A former construction worker, Maarouf was one of the first to take up arms in the Idlib province. As leader of the Syrian Martyrs’ Brigade, a group founded in 2011, he helped chase government forces away from this region.

Though a conservative like most in the Syrian countryside, Maarouf is neither a Salafist nor a member of the Muslim Brotherhood, unlike many of his peers in the rebellion. His warrior’s aura, however, has been stained little by little by accusations of corruption. He allegedly embezzled funds from his Saudi sponsors for personal gain. His rivals nicknamed him Jamal Makhlouf, a reference to Rami Makhlouf, a cousin of Syrian President Bashar al-Assad and the Syrian economy’s biggest predator.

The beginning of the end

The first disputes with the al-Nusra Front date back to early 2014, soon after the creation of Maarouf’s Syria Revolutionaries Front, a coalition of some 15 brigades. At the time, the two groups were arguing over control of oil contraband with neighboring Turkey. But when it appeared in early summer that the SRF was among the groups receiving anti-tank missiles from Washington, the rivalry became ideological. The jihadists then started to see Maarouf’s organization as an embryo of the Sons of Iraq, Iraqi Sunni militias that the United States had rallied in Iraq to defeat al-Qaeda.
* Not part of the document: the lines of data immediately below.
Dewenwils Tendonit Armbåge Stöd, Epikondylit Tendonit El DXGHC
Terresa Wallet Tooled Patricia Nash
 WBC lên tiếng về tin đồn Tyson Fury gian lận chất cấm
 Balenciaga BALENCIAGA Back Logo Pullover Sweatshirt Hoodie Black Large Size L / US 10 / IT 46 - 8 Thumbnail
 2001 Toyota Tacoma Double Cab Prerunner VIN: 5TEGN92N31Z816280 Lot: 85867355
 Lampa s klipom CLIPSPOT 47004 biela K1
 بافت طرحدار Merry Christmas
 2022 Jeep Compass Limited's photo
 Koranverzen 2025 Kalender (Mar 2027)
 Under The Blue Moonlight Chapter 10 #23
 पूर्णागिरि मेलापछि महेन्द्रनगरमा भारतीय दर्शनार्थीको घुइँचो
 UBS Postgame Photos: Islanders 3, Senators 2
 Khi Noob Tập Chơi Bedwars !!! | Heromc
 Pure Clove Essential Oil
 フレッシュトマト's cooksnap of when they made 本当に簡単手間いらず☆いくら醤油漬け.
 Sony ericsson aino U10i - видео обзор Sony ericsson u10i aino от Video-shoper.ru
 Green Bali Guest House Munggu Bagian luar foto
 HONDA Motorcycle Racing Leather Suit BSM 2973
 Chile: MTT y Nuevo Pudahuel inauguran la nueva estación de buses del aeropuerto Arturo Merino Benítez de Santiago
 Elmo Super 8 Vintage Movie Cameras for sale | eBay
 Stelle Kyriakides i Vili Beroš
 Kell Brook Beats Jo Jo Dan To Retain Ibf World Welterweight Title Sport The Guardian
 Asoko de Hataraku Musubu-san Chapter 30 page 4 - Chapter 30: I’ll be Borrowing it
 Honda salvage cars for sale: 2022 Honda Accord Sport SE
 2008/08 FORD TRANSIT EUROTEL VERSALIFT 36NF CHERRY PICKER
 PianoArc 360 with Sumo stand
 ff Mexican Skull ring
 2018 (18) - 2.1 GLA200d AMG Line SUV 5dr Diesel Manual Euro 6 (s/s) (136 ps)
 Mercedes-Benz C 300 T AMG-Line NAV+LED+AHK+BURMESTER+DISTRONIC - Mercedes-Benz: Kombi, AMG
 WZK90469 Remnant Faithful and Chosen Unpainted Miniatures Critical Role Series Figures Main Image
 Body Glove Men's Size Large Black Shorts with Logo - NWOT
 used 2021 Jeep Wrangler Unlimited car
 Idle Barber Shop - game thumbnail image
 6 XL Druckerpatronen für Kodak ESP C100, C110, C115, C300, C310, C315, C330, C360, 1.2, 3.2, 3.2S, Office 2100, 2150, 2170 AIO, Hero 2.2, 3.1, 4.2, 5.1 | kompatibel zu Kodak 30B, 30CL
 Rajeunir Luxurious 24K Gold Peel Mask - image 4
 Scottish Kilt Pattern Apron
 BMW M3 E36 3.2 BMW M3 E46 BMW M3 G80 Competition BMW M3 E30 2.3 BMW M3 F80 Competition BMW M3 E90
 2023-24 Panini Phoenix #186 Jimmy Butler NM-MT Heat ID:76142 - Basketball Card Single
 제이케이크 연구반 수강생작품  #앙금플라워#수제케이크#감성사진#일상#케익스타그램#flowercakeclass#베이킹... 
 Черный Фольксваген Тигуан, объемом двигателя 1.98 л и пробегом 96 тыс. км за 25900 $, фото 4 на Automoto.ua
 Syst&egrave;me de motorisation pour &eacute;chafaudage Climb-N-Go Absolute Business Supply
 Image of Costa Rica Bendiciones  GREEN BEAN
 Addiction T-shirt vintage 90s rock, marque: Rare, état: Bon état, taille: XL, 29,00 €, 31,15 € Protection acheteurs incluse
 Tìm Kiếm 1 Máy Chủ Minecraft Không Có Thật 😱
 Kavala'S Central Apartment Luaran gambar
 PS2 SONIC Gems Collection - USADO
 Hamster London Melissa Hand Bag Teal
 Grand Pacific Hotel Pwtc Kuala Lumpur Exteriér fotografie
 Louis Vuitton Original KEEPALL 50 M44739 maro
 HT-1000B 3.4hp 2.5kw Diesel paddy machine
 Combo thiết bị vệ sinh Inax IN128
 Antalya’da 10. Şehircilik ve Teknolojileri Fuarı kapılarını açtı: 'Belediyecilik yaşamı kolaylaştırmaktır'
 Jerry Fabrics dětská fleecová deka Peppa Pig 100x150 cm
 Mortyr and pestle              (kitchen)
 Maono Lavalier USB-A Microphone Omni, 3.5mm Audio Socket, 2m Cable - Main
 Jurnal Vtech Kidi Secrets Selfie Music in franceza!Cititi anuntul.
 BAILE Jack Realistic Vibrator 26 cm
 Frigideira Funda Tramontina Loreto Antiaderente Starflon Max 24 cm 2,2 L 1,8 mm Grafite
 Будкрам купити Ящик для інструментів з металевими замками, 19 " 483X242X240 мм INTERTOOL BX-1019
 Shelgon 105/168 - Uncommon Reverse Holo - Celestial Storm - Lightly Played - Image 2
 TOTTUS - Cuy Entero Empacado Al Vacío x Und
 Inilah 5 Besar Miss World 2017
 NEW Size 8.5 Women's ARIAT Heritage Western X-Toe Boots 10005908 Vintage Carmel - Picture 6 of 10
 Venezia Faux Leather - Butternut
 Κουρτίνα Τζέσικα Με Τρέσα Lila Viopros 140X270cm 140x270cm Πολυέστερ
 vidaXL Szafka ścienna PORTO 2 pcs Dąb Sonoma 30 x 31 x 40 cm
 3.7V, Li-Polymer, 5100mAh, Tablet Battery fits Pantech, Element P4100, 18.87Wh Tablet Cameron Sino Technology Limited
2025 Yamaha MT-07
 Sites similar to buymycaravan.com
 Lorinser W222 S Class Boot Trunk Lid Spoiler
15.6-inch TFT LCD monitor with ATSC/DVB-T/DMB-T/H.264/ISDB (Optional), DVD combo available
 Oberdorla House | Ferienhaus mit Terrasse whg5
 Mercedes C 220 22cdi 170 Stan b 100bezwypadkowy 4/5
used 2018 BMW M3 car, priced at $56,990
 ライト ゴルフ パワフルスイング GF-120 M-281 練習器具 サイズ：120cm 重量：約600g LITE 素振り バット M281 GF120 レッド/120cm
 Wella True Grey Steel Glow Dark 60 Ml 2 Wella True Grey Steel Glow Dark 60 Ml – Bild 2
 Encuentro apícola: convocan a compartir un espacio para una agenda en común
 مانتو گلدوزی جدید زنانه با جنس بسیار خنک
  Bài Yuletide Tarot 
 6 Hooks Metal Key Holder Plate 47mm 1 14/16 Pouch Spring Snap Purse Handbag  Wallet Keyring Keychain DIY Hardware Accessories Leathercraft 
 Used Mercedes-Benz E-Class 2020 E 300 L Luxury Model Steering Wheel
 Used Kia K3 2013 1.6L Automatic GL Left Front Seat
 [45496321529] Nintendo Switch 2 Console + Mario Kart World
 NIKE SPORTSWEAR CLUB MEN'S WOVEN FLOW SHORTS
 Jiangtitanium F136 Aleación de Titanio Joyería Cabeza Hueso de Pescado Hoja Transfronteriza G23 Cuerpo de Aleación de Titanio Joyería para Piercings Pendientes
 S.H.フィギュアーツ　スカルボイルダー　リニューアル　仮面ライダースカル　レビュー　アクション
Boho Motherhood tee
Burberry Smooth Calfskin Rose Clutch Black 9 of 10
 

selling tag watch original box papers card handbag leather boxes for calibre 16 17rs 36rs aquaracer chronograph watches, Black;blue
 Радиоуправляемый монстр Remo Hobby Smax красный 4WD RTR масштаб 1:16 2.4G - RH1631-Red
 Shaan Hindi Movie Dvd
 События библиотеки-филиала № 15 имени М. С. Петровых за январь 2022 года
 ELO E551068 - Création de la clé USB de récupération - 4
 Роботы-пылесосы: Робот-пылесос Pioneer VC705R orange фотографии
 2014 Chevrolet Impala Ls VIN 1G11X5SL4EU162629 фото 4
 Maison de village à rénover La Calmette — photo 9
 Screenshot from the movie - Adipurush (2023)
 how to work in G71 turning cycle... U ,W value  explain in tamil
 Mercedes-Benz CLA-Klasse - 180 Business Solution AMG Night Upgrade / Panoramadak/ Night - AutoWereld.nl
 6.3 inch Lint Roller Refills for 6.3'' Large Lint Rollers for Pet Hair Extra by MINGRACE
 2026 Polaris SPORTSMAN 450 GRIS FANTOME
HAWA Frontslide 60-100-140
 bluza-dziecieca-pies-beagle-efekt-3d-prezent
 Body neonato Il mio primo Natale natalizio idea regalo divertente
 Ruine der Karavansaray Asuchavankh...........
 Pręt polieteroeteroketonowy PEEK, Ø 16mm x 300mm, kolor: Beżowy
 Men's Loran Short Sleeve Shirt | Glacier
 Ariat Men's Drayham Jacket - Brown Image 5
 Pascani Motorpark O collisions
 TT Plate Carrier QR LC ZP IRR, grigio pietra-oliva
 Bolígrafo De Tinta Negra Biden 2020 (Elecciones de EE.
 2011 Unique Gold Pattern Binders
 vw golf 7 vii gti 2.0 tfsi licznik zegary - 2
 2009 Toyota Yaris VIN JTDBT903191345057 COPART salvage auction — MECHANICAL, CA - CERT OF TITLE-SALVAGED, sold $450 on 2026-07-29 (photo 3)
The jihadists’ fear that the rebels might attack them grew bigger in September, when the U.S. Air Force hit their positions in their war against ISIS. “The United States went about it the wrong way,” says one European diplomat. “The bombing boosted al-Nusra’s status in the freed areas. In a context of aggravation of anti-Shia feelings, the movement also benefits from its opposition to Hezbollah. It is more in tune with the streets than Maarouf, who discredited himself with his excesses.”

Al-Nusra used this popularity to carve out a new stronghold for themselves. After ISIS expelled them during the summer from the Deir ez-Zor province, the group needed to find a new territorial anchorage. And in a sign that their offensive in Jabal al-Zawiya wasn’t just score-settling with the SRF, their forces also took the headquarters of Harakat Hazm, another Washington-backed armed group.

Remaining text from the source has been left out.